[Data below — start]

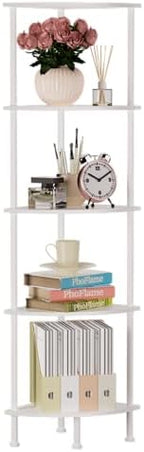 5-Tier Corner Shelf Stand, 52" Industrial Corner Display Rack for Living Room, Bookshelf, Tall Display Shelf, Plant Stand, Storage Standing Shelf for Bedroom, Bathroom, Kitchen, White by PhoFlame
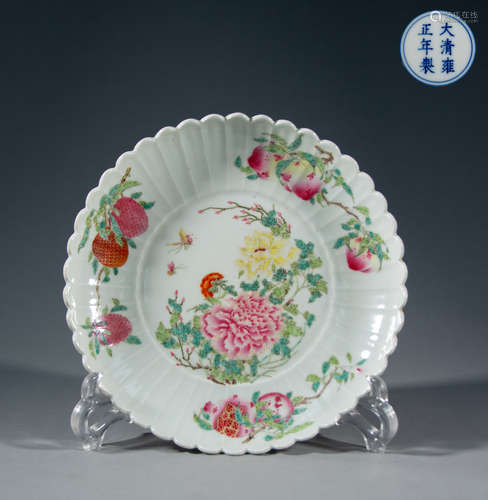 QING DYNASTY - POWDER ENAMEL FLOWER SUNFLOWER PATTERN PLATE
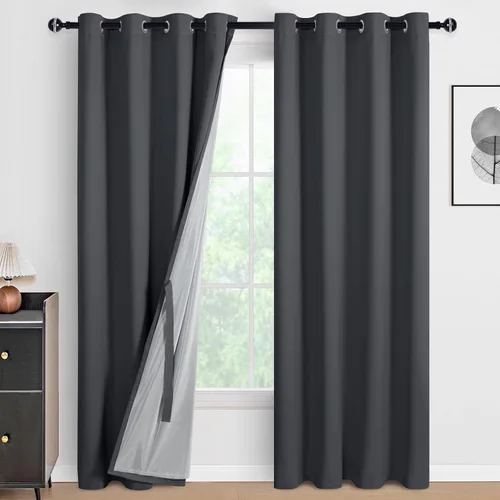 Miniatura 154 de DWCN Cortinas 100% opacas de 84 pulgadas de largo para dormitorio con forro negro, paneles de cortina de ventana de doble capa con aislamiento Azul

[Data below — finish]

Description of the task: Everything above except the pictures must be restated exactly.

Written solution:
 5-Tier Corner Shelf Stand, 52" Industrial Corner Display Rack for Living Room, Bookshelf, Tall Display Shelf, Plant Stand, Storage Standing Shelf for Bedroom, Bathroom, Kitchen, White by PhoFlame
 QING DYNASTY - POWDER ENAMEL FLOWER SUNFLOWER PATTERN PLATE
 Miniatura 154 de DWCN Cortinas 100% opacas de 84 pulgadas de largo para dormitorio con forro negro, paneles de cortina de ventana de doble capa con aislamiento Azul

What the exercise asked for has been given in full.